Immunoprecipitation from solubilized PSD fractions
The PSD fractions (150 µg protein) were solubilized in 1% SDS in a final volume of 88 µL in 20 mM HEPES, pH 7.4 by continuous vortexing for three minutes. The sample was then diluted with TX-100 to 1 mL final volume to make up a final concentration of 0.5% TX-100, supplemented with protease inhibitor cocktail and centrifuged at 4°C, 20,800 g for 45 minutes. The supernatant was divided into two equal volumes, and 50 µL of 2% TX-100 was added to both. 50 µL (10 µg) of CYLD antibody was added to the first, but not to the second control tube. The samples were incubated for 2 hours at room temperature on an end-over-end rotator. Then, the samples were incubated with protein-A conjugated agarose beads (Thermo Scientific, product # 22811, 400 µL initial slurry washed three times with PBS) for 2 hours at room temperature or overnight 4°C on the rotator.
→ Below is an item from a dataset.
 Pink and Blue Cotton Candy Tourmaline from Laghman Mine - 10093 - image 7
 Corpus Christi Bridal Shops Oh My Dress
The beads were washed six times with 1% TX-100 in PBS and then rinsed once with PBS. The immunoprecipitate was eluted with electrophoresis sample buffer and stored at −20°C until Western blot analysis.
Results
Accumulation of CYLD at the PSD is promoted by NMDA and blocked by tatCN21
Conditions for recruitment of CYLD at the PSD were investigated by immunogold electron microscopy on dissociated hippocampal cultures. Treatment with 50 µM NMDA for 2 min resulted in the accumulation of CYLD (Fig. 1 A, top panel, b vs. a) and CaMKII (Fig. 1A, lower panel, f vs. e) at the PSD. The NMDA-induced accumulation of CYLD as well as CaMKII at the PSD was blocked by the NMDAR antagonist APV (Table S1). These results suggest that similar to CaMKII [28], CYLD is recruited to the PSD in response to NMDA receptor activation.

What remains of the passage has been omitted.